#### What you need to do
Could you write out, exactly and with no pictures, every line from the one containing "Waynesboro, GA 30830" through the last line of the entries?

==== Stored data

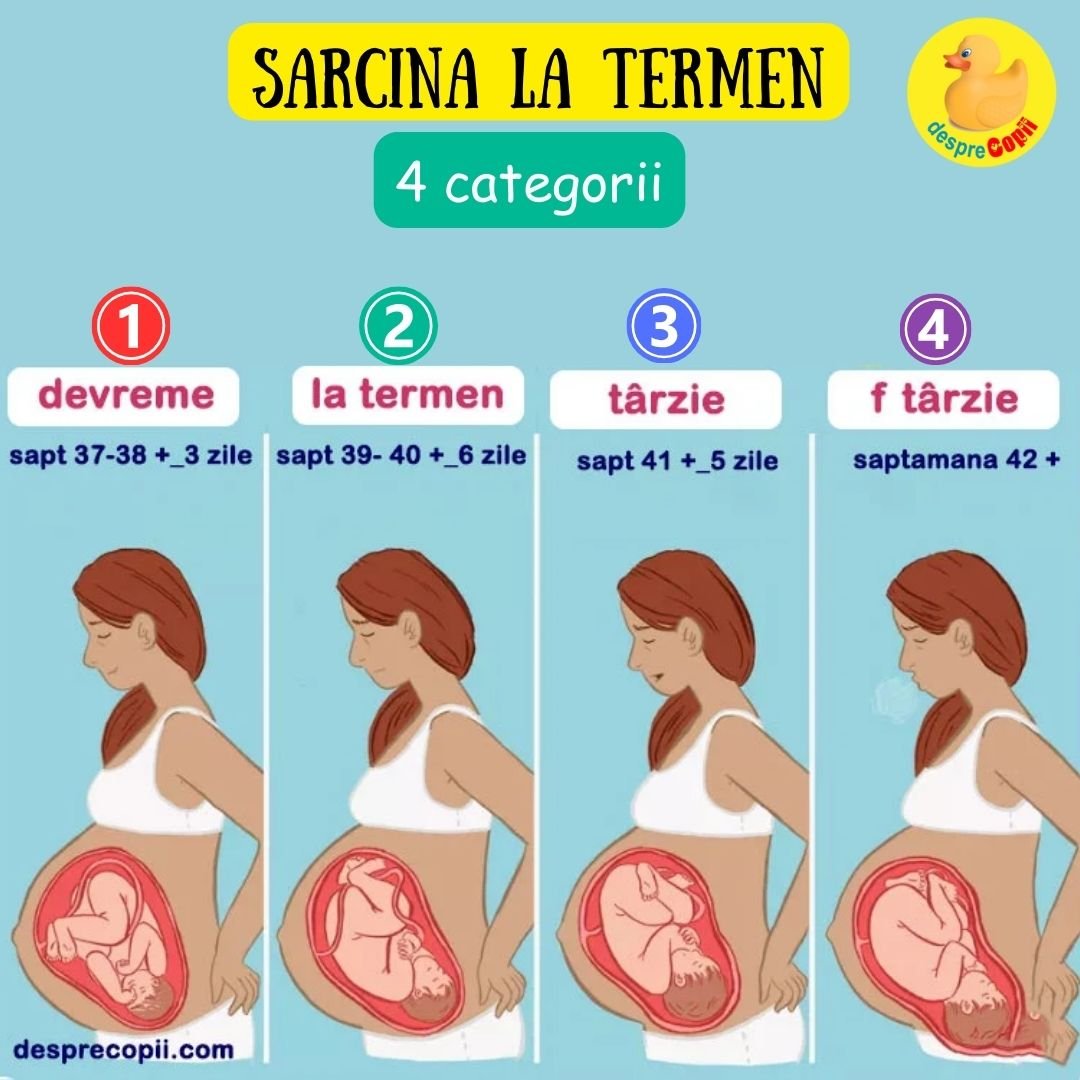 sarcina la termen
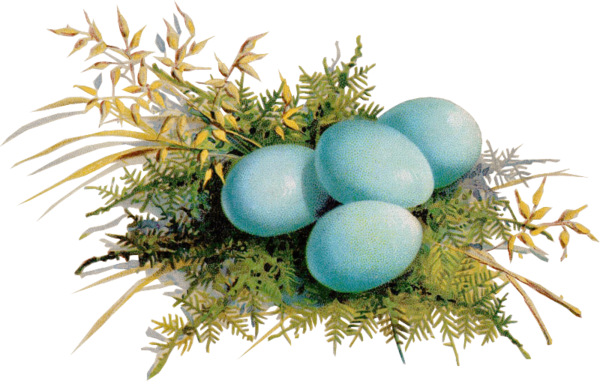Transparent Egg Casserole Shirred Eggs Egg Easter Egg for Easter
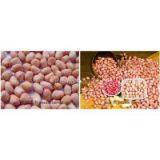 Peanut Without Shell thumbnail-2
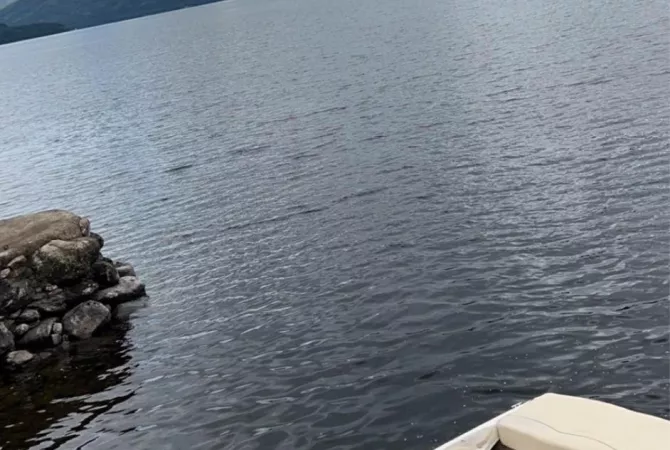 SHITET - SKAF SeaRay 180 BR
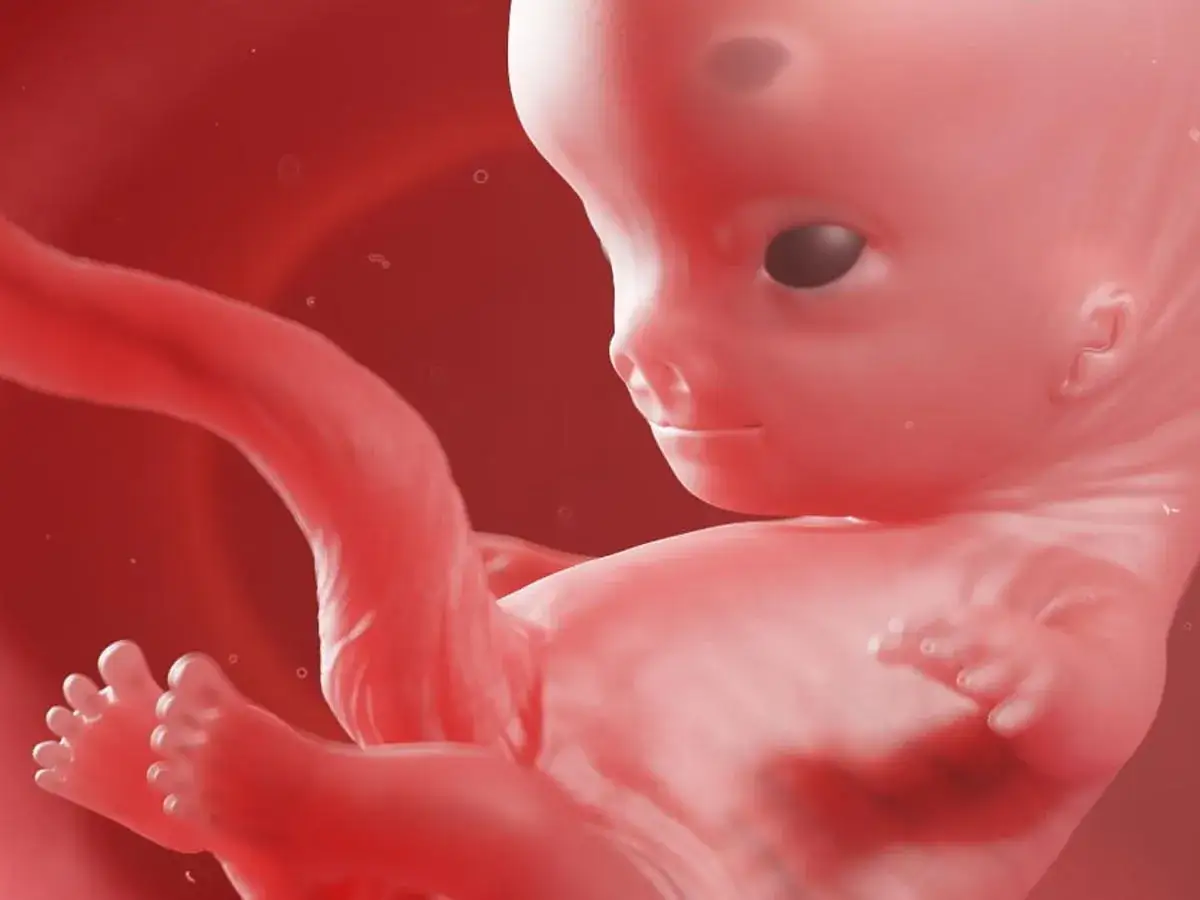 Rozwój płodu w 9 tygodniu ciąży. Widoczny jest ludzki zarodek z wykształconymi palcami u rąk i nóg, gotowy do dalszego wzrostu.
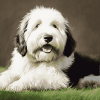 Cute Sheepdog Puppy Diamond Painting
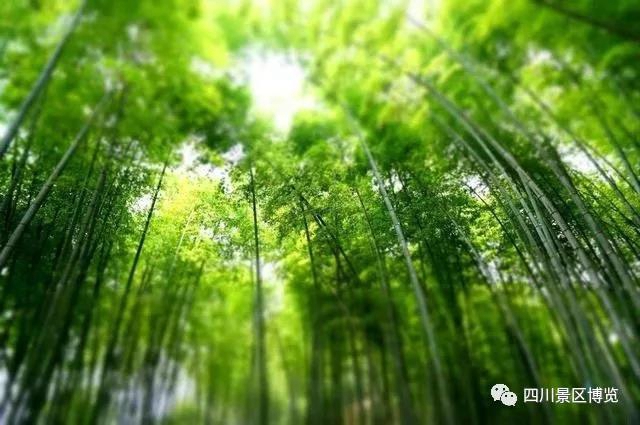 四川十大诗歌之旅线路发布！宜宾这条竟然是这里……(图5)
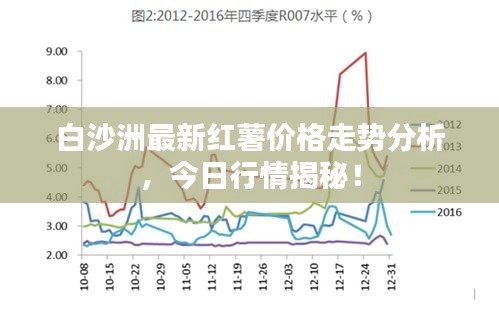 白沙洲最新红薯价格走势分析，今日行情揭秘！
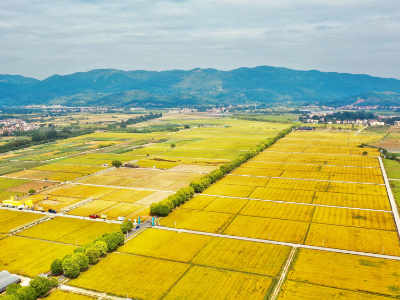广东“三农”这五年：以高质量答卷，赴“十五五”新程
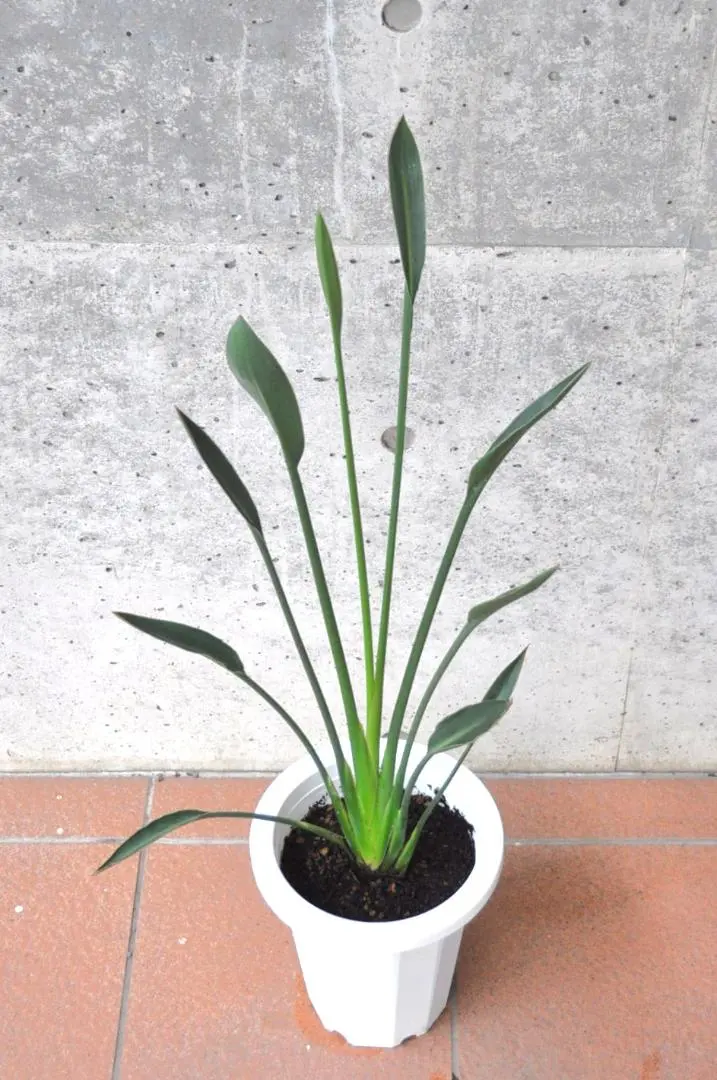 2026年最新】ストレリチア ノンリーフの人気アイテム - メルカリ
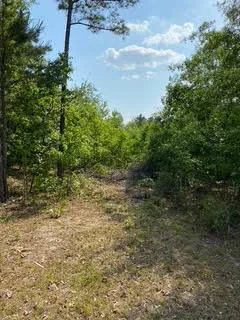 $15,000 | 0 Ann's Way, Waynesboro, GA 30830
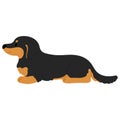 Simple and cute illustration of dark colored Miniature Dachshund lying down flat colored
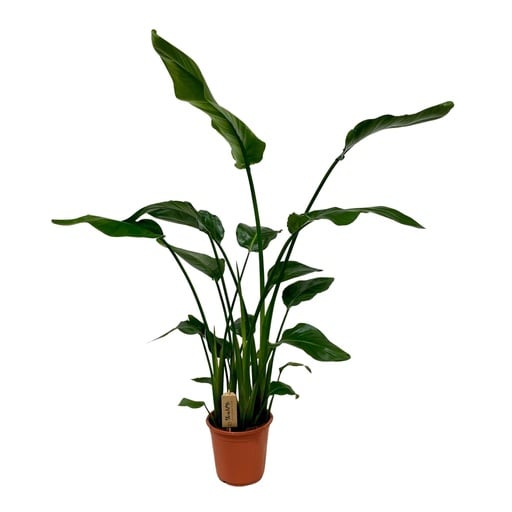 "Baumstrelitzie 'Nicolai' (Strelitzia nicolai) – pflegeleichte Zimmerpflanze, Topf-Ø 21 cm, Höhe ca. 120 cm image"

========

#### Finished exercise
 $15,000 | 0 Ann's Way, Waynesboro, GA 30830
 Simple and cute illustration of dark colored Miniature Dachshund lying down flat colored
 "Baumstrelitzie 'Nicolai' (Strelitzia nicolai) – pflegeleichte Zimmerpflanze, Topf-Ø 21 cm, Höhe ca. 120 cm image"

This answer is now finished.